Ces évènements lamentables ont-ils complètement disparu dans la mémoire des habitants ? hélas oui… aucune légende ne paraît s’y rapporter, le nom du bandit est resté inconnu, c’est même quelque chose d’extraordinaire, mais quand le soir tombe, tout dans la région se peuple d’êtres indéfinissables et terribles, d’êtres morts dont l’idée jette l’épouvante dans les cœurs les plus braves… et cependant c’est une race vaillante, toujours prête à se jeter au milieu de dangers réels, et elle recule devant des périls imaginaires.

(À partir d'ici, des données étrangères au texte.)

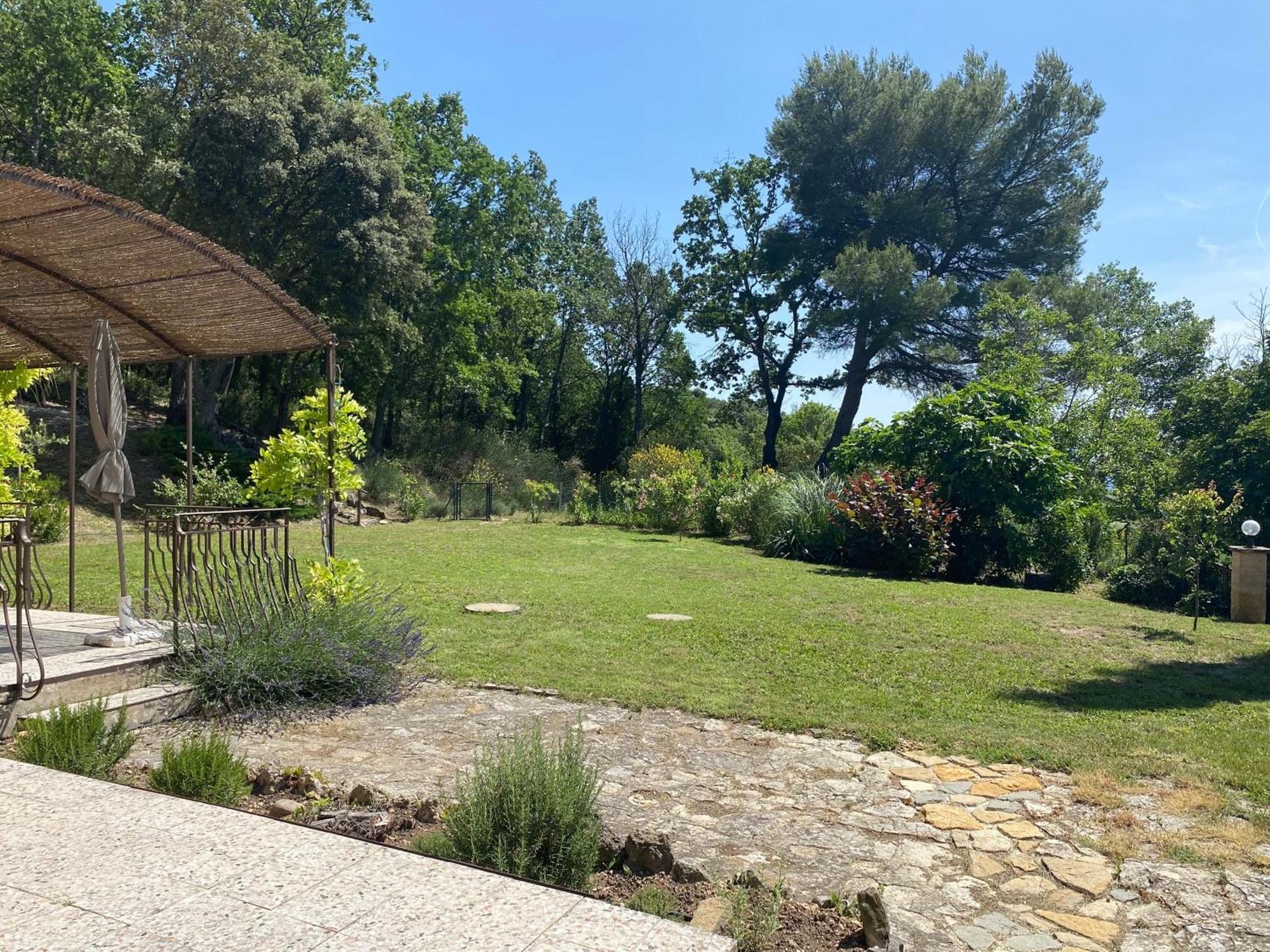 Les Oliviers Villa Vaugines Екстериор снимка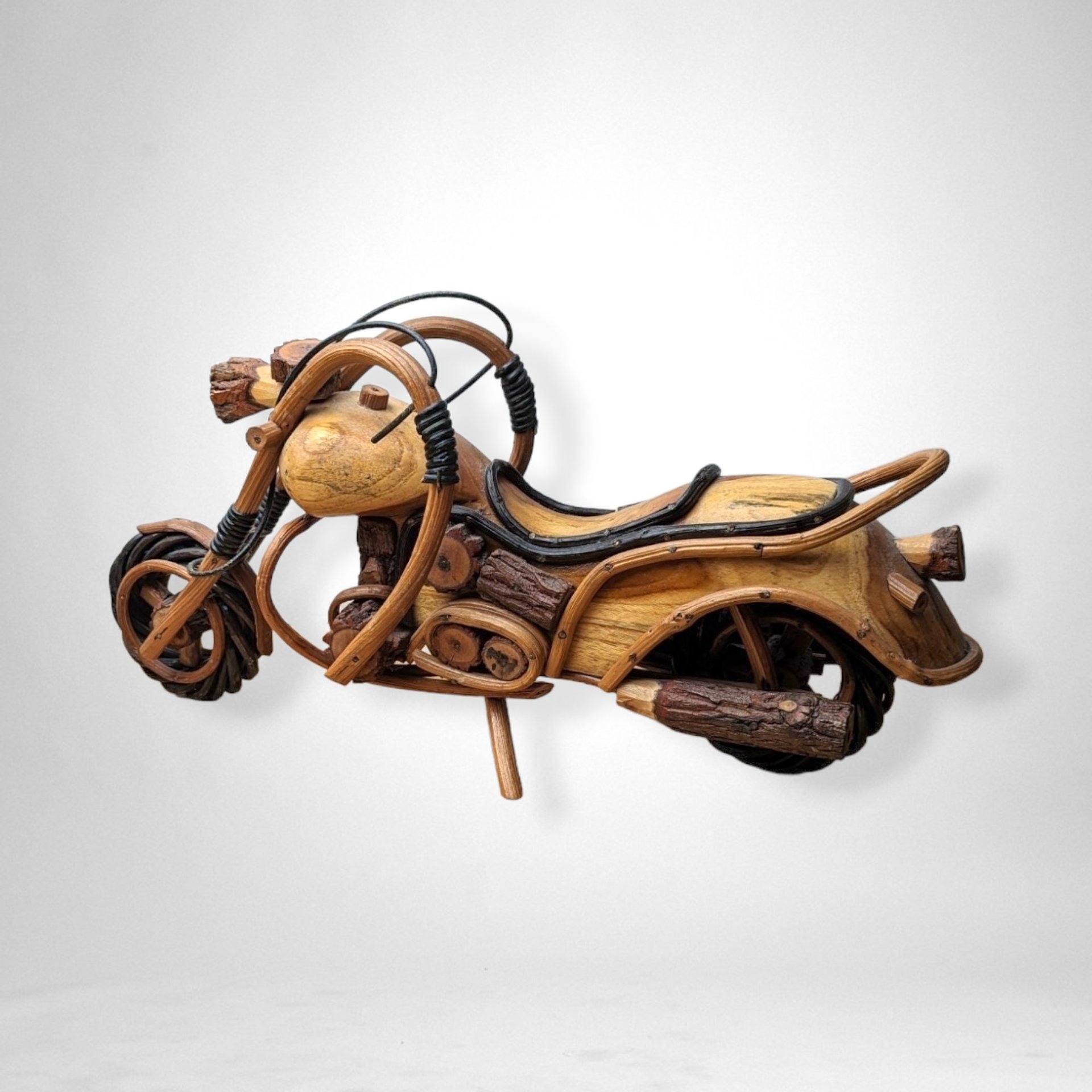 Retro Ride: Vintage Wooden Motorcycle - Handcrafted Nostalgia
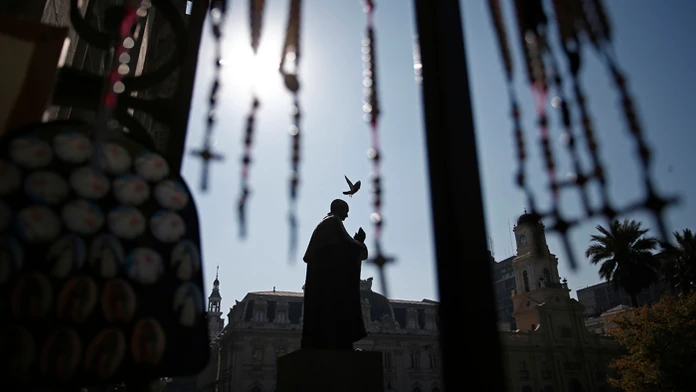 Čílsky biskup suspendoval 12 kňazov po správe o sexuálnej komunikácii.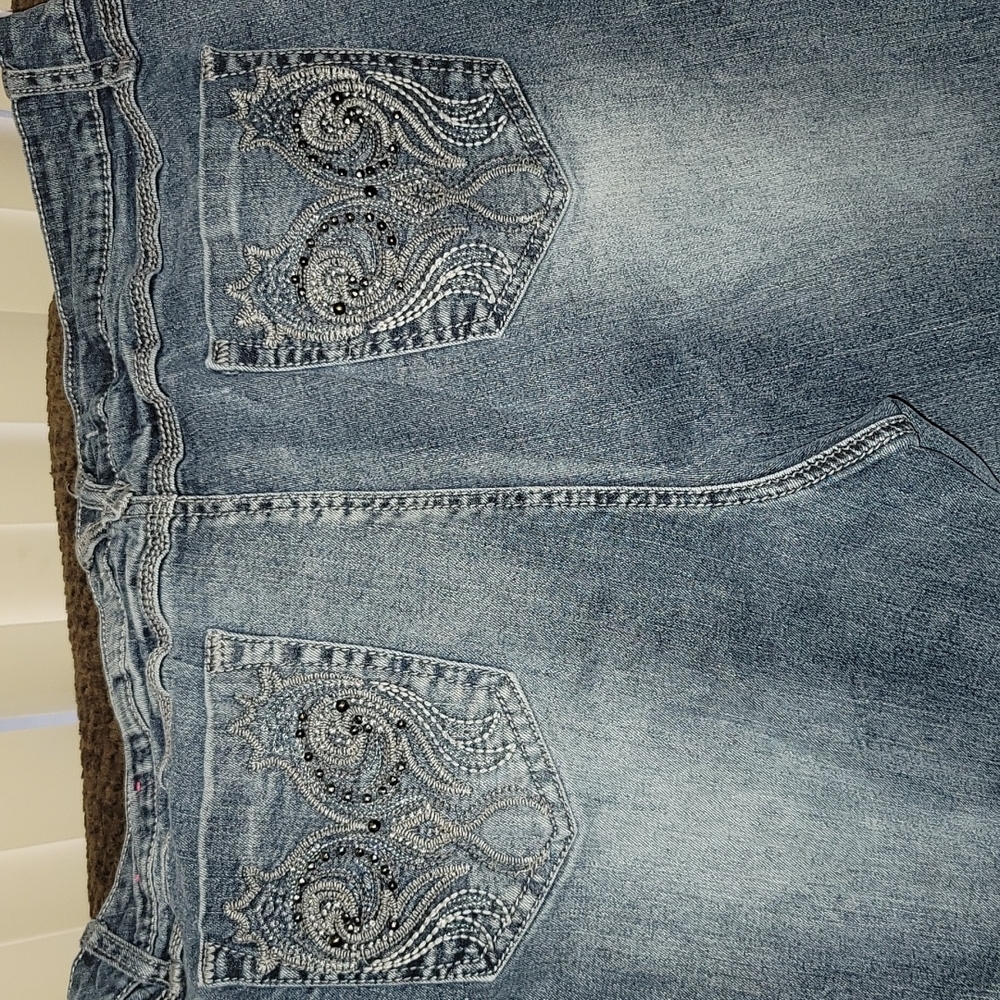Jeans - Picture 3 of 5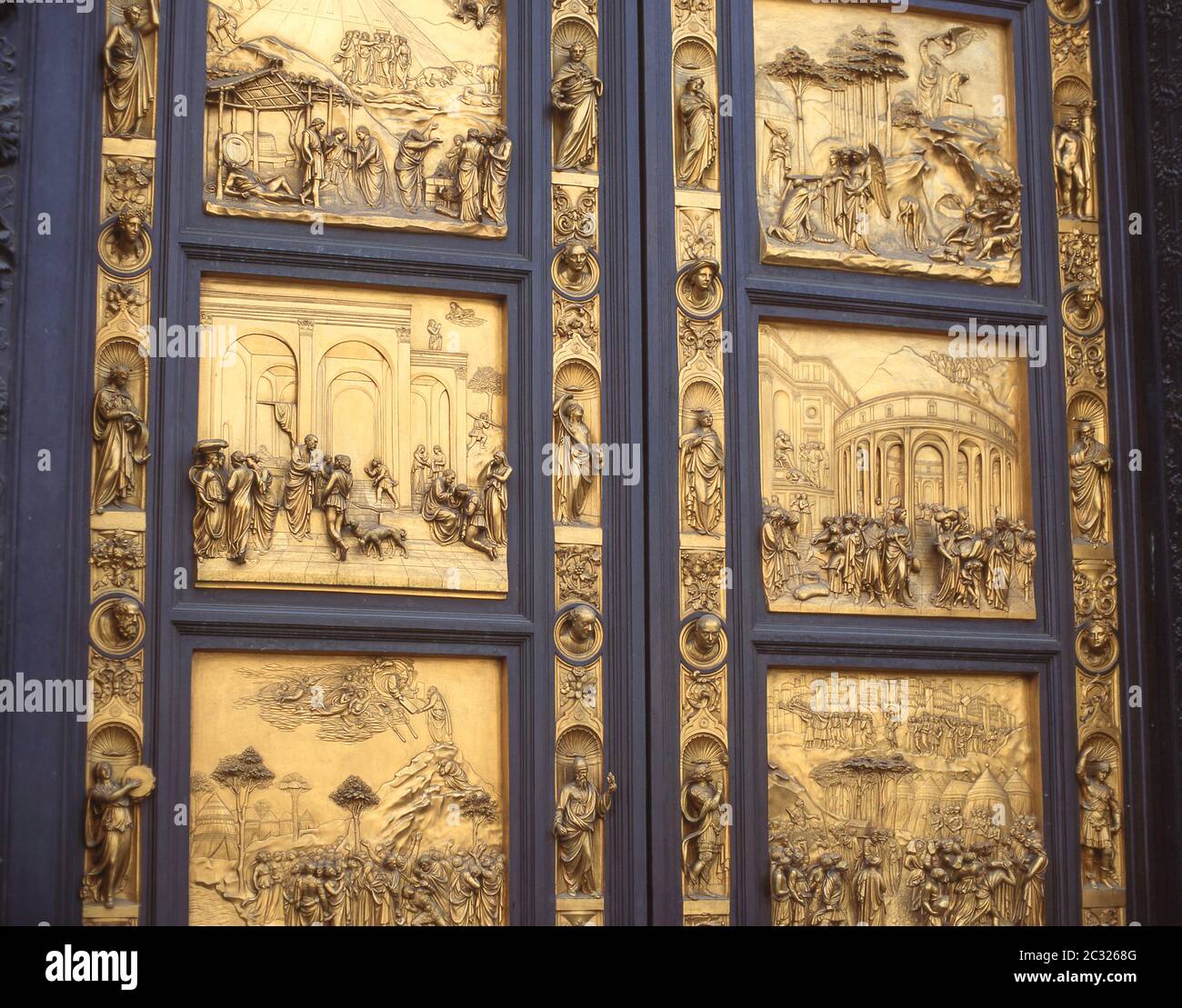 'Portes du Paradis' à l'entrée est du Baptême de la Cattedrale di Santa Maria del Fiore (Duomo), Florence (Firenze), région Toscane, Italie Banque D'Images
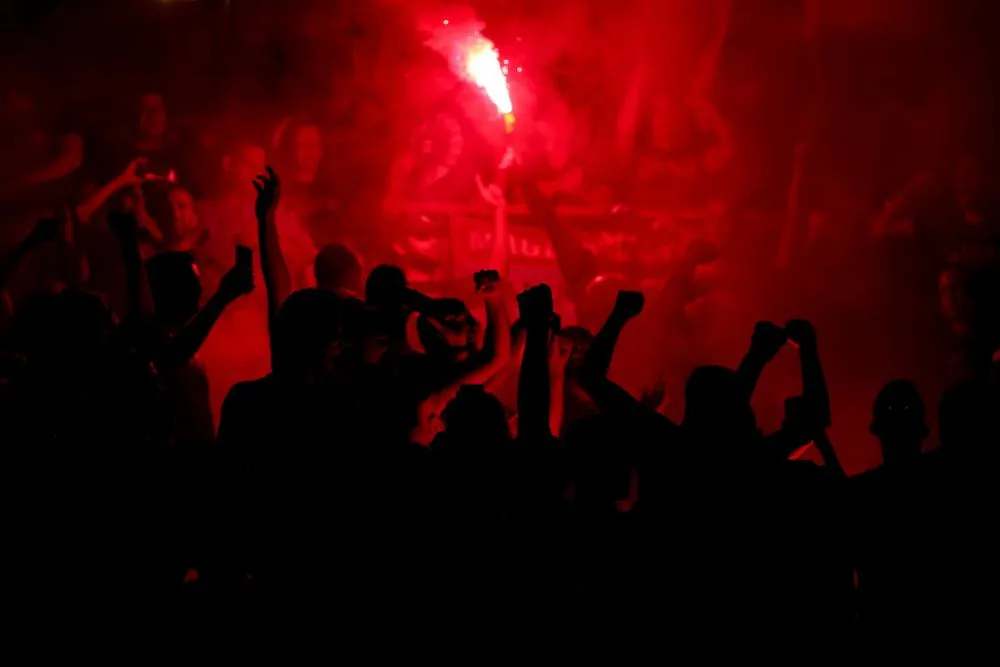 Les supporters du Velež Mostar enflamment la ville pour le centenaire du club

Cette terreur superstitieuse des esprits errants dans la nuit, n’est nulle part plus développée qu’en Basse-Bretagne, a-t-elle sa source dans ces temps qui sont déjà loin dans le passé, ou bien encore, la ferons nous remonter à cette époque inconnue, où d’après une hypothèse récemment émise, certaines parties de la péninsule n’étaient aux âges préhistoriques de la pierre polie, qu’une simple nécropole, cimetière de tout un grand peuple.

Pour suivre l’ordre chronologique, mais rien que pour cela je dirai quelques mots d’une attaque, qui ne fut qu’une simple escarmouche sans importance… quelques mois après le massacre de Plogastel.

Un capitaine Depré, ou Després avait commandé les royaux à Quimper, alors que Guy Eder passait non loin des murailles qu’il bravait impunément pour se rendre à l’île Tristan : il ne s’était pas opposé au passage des ligueurs… Personne n’en connut le motif, toujours est-il qu’on lui en fit un crime, oui quand le massacre de Plogastel fit du bruit… Il fut mandé à Paris pour ce fait, passa en jugement et cela va sans commentaire, la peine capitale était la conséquence. Pourquoi, demandait-on, tant d’apathie, pourquoi ne s’était-il pas opposé à la construction des forts, pourquoi ne s’était-il pas opposé, n’avait-il pas prévu le massacre des pauvres paysans confédérés, sans expérience. Probablement les plaintes et les raisons de Du Granec humilié ne furent-elles pas étrangères à son arrestation.

Toujours est-il que le châtiment allait avoir son exécution.

Des amis influents furent ses avocats, qui plaidèrent avec bonnes raisons à l’appui, l’ignorance et la surprise.

Després, vaillant capitaine, put revenir, mais à la condition expresse de s’emparer de l’île Tristan ou de s’y faire tuer… Il accepta la mission, car sa bravoure ne pouvait faire l’ombre d’un doute. Il se prépara donc à une expédition… La Fontenelle, nous le savons avait des émissaires dans la place de Quimper, qui nous l’avons dit n’était qu’à moitié pour le Béarnais.

L’île était déjà fortifiée ou à peu près quand Després parut à la tête d’un millier de combattants, qui ne connaissaient pas assez les ruses du chef ligueur.

Hardiment, Després s’avance à marée basse… et des soldats embusqués, postés par avance firent feu, et le chef des royaux désarçonné tombe sur le sable… Il avait promis de se faire tuer, il tint sa parole, mais l’épouvante se met parmi les siens.

Bonne leçon dit La Fontenelle, ils sauront désormais à qui ils ont affaire, et je saurai prendre mes précautions à l’avenir.

La terreur du nom s’en accrut d’autant et ce nom était la terreur des royaux, le nom de Guy Eder valait une compagnie.